Of course, I’m afflicted by this terminal romanticism, just like the rest of us. Which is why I daydream of my Jurgen returning through the gates. All sun kissed and rested, Gary Mabbutt and Teddy Sheringham his Tottenham-in-their-veins lieutenants and his best mate Nicola Berti showing up for the mums. Of course, it’d be Ossie: The Remix/Hoddle 2: Legend’s Revenge and I’d be devastated that another hero sullied his playing legacy. But it doesn’t stop these bloody daydreams.
So, Dave, you’re drawing up your list of candidates.
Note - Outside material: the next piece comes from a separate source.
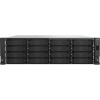 QNAP TS-h1677AXU-RP-R7-32G (Ryzen Pro 5,3GHz, ZFS, 32GB DDR5 RAM, 16x SATA, 2x 2,5GbE, 2x 10GbE) QNAP TS-h1677AXU-RP-R7-32G (Ryzen Pro 5,3GHz, ZFS, 32GB DDR5 RAM, 16x SATA, 2x 2,5GbE, 2x 10GbE)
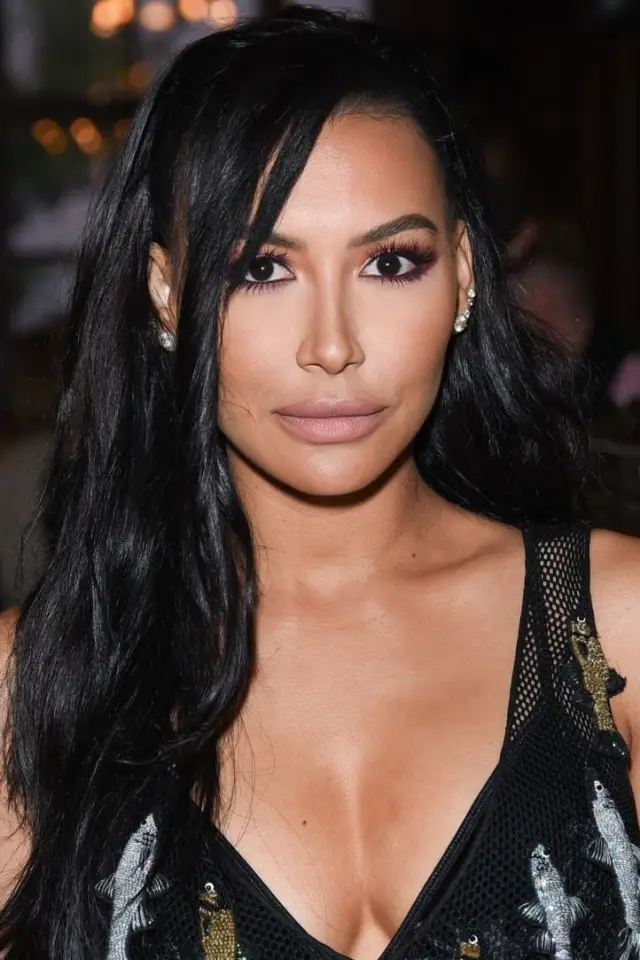 Zdjęcie Naya Rivera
Who’s on it?
My problem here is that I’m not one of those devotees of European or lower league football who can give you chapter and verse on emerging players and promising young managers.
So, I won’t be throwing any wildly leftfield names into the ring.
Villas-Boas I’m aware of. And I know he’s well thought of. But the ‘new Mourinho’ tag just seems a bit too convenient for me. Good-looking, well-dressed, Portuguese, spotted early by Bobby Robson, just guided Porto to the Europa League final... surely that’s piquing people’s interest as much as his track record.
Some ugly bastard could be just as successful with Panathinaikos and barely be noticed. Plus he’s 10 years younger than me for fuck sake.
Moyes is an interesting one. I used to be dead set against him. Dour man, dour football. But he’s at Everton, isn’t he? His transfer budget is generated by cutting down on biscuits for the boardroom in June. What can we expect? And when measured over a sustained period, in relation to outlay, he’s been brilliant. No European experience, though. Well, some, but it’s limited, essentially to getting beat.
Klinsmann? Yep, there are endless reserves of affection for The Good German, but, as you point out, there were (are) for Hoddle and Ossie. Nah, I don’t think he’s got his hands dirty enough yet – and don’t think he ever will. Why should he? Carry on driving Herbie round California, Jurgen.
So, with an acknowledgement that my search has been far from thorough and in no way scientific, I’m gonna go for Owen Coyle. He’s made Bolton play neat one-touch football. He’s made Elmander play football! He clearly wants to play the ‘right’ way. And he’s Scottish. Told you this wasn’t scientific.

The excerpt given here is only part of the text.